SACRED THINGS - The quote (Part 2)

     The earth is a living, conscious being. In company with cultures of many different times and places, we name these things as sacred:  air, fire, water, and earth.
      Whether we see them as the breath, energy, blood, and body of the Mother, or as the blessed gifts of a Creator, or as symbols of the interconnected systems that sustain life, we know that nothing can live without them.
      To call these things sacred is to say that they have a value beyond their usefulness for human ends, that they themselves become the standards by which our acts, our economics, our laws, and our purposes must be judged.  No one has the right to appropriate them or profit from them at the expense of others. Any government that fails to protect them forfeits its legitimacy.
      All people, all living things, are part of the earth life, and so are sacred.  No one of us stands higher or lower than any other.  Only justice can assure balance:  only ecological balance can sustain freedom.  Only in freedom can that fifth sacred thing we call spirit flourish in its full diversity.
      To honor the sacred is to create conditions in which nourishment, sustenance, habitat, knowledge, freedom, and beauty can thrive.  To honor the sacred is to make love possible.
      To this we dedicate our curiosity, our will, our courage, our silences, and our voices.  To this we dedicate our lives.
                                Starhawk, 1993

2 comments:

Anonymous said...

I am ashamed to admit that although I wasn't environmentally irresponsible, I wasn't environmentally aware, either when I was younger.

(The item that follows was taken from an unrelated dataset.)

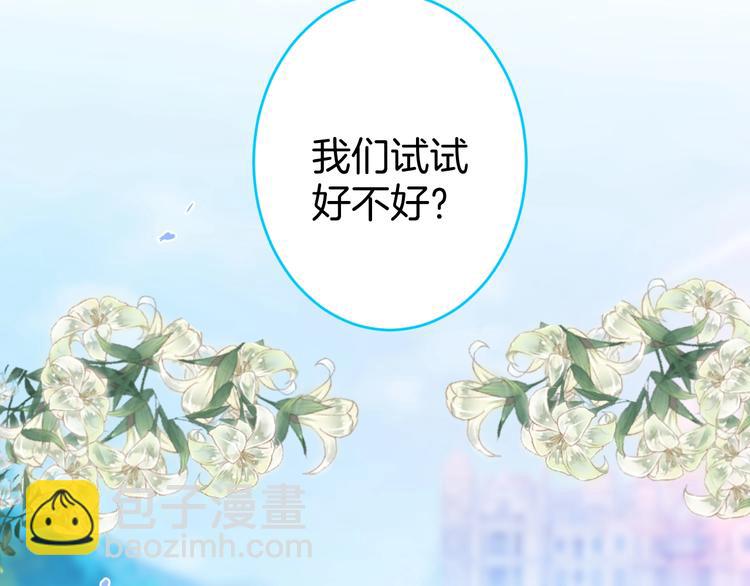 第16话 国王的逆鳞63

Now that I'm getting older I realize that not every mistake we make can be corrected and the environment is one of them. It's amazing how we treat the very place we live in like a dump or a toilet. This is the one area where we can all make a difference, no matter how little it seems. Thanks for focusing on this very important issue.

Anonymous said...

This is absolutely beautiful. I see a trace of God/dess in every natural creation, and this entry has reminded me to look for that trace and to hold our world more sacred.